In many systems, such as within many electronic circuits, impedance mismatches can cause an undesired amount of return loss, which may result for instance from some amount of signal reflection. In metallic conductor systems, for example, reflections of a signal traveling down a conductor can occur at a discontinuity or impedance mismatch. Signal reflection may occur when a signal is transmitted along a transmission medium, such as a copper cable or an optical fiber, where some of the signal power is reflected back to its origin rather than being carried all the way along the cable to the far end. This signal reflection may occur due to impedance mismatches along the transmission path.
In radio frequency (RF) design practice, this is often measured in a dimensionless ratio known as VSWR. The ratio of energy bounced back depends on the impedance mismatch. In RF systems, an attenuator may be implemented to ensure that, in addition to acting as an attenuator, the RF impedance (return loss) of both the input and output of the attenuator is held as close as possible to the desired system impedance. Failure to maintain a proper impedance match can greatly affect the system frequency response (power transfer) and noise figure.

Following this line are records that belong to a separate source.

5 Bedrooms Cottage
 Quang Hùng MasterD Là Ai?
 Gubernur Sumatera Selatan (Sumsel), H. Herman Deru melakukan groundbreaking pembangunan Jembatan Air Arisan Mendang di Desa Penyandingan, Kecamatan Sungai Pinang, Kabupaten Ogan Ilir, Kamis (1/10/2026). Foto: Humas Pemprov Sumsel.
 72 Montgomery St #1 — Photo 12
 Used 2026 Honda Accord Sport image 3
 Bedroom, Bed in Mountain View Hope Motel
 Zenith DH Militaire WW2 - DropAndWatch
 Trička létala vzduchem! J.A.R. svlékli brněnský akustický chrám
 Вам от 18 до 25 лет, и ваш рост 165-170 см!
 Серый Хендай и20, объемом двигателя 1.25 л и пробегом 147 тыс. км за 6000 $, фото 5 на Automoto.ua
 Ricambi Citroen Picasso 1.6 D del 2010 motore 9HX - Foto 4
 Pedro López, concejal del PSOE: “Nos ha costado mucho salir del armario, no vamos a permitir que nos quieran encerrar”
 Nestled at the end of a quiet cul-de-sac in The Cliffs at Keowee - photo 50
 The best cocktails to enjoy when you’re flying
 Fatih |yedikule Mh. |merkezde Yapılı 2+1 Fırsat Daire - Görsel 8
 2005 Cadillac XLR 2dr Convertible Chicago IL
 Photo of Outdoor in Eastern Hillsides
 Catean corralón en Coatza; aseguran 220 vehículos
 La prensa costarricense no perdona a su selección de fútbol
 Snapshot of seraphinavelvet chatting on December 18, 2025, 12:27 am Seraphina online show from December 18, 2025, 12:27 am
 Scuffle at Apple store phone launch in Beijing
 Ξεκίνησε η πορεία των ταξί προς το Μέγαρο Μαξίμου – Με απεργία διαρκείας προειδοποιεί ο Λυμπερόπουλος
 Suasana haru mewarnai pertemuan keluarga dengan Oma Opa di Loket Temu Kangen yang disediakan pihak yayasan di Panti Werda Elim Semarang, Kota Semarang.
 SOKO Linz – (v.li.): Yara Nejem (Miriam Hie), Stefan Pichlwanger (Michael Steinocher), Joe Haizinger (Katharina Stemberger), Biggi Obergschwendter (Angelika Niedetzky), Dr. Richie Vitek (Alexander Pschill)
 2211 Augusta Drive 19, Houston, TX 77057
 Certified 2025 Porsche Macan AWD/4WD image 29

When receiving a broadband of signals with multiple receivers, maintaining return loss on a single input pin is particularly difficult. Return loss tends to degrade significantly as the number of parallel paths connected to the single input is increased. In some systems, multiple, parallel input paths may exist with signals coming from one input source. It is often desirable to maintain a relatively constant return loss for the system. Thus, the system may be implemented with a fixed impedance between its input and output, thereby providing a constant return loss through the system. For instance, the impedance of each of the multiple paths may be fixed to provide a desired impedance match with the input source.